A determined traveler is a force of nature: undeterred, unwavering, and uniquely positioned to take joy in very minor triumphs.
It was, after hours of searching, an unremarkable beer. Several hours later, ‘cold’ is the best word I can come up with the describe it.
But it was a travel success that only those on the road can enjoy.
Bereft of the usual things that bring us joy – friends, family, work or hobbies – travelers must seek their rewards elsewhere.
I visited a large Buddha statue outside of Tokyo in the town of Kamakura. It’s the largest Buddha in Japan and pushing 800 years old. Restoration work means the Buddha now sits on a shifting plate of some kind that shimmies under the Buddha in an earthquake to prevent damage to the statute. Daibutsu, as he is called, is clearly a cut above the rest when it comes to Buddha statues.
But it was something in the gift shop that caught my eye. In a refrigerator with water bottles, juice, and soda. There, on the bottom shelf, I spotted a bottle of Kamakura beer.
This is not a famous beer or one that is well known in Japan. But it was new. I decided then and there I needed to try it. Dave wholeheartedly endorsed my quest. Our respects paid to Daibutsu, we set out to look.
Walking through town after leaving the temple, we stuck our head in at least a dozen bars and restaurants looking for Kamakura beer. Several were closed. Others didn’t have it. One place had several beers from California, but no Kamakura. Another place had sweet potato ice cream (it’s pleasing purple color topped only by the subdued sweet taste), but no Kamakura.
Obsessively, we trod through back alleys and up promising stairways, only to be let down by a ‘closed’ sign or a disappointing ‘no’ when we asked what’s on tap.
Before that day I had never heard of Kamakura beer. I had not read a single review that said anything amazing about it. I doubted it would be anything special. There was no way I was leaving Kamakura without one.
Signs posted in a labyrinth of narrow side streets pointed us to a restaurant that promised to have Kamakura. It was empty – well past lunch but too early for dinner – and the staff outnumbered Dave and I two to one.

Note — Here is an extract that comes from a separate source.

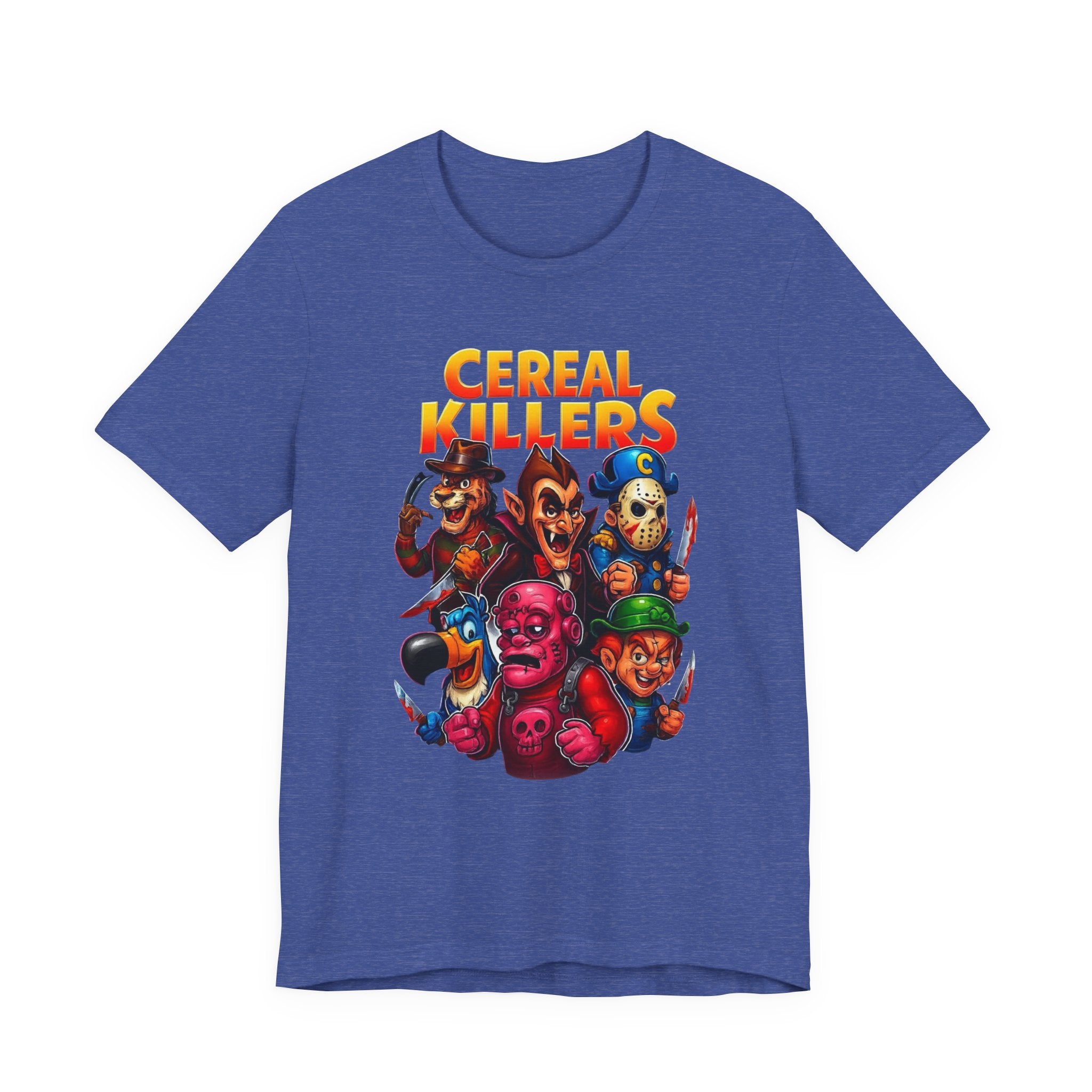 Cereal Killers Parody Horror Cartoon T-Shirt | Funny Cereal Villains Graphic Tee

“Two Kamakura please,” I said.
If I were to rank it on my all-time list of best beers ever, it would be somewhere in the forgettable middle. Out meandering tour through Kamakura under the watchful eye of Daibutsu, however, will not fade from my memory so quickly.
One day I’ll be wandering through the specialty beer section of a grocery store and I’ll spot a Kamakura, on the bottom shelf. I’ll probably pay twice what I did in Japan, but I’ll gladly buy it and toast the memory of a mediocre cold one.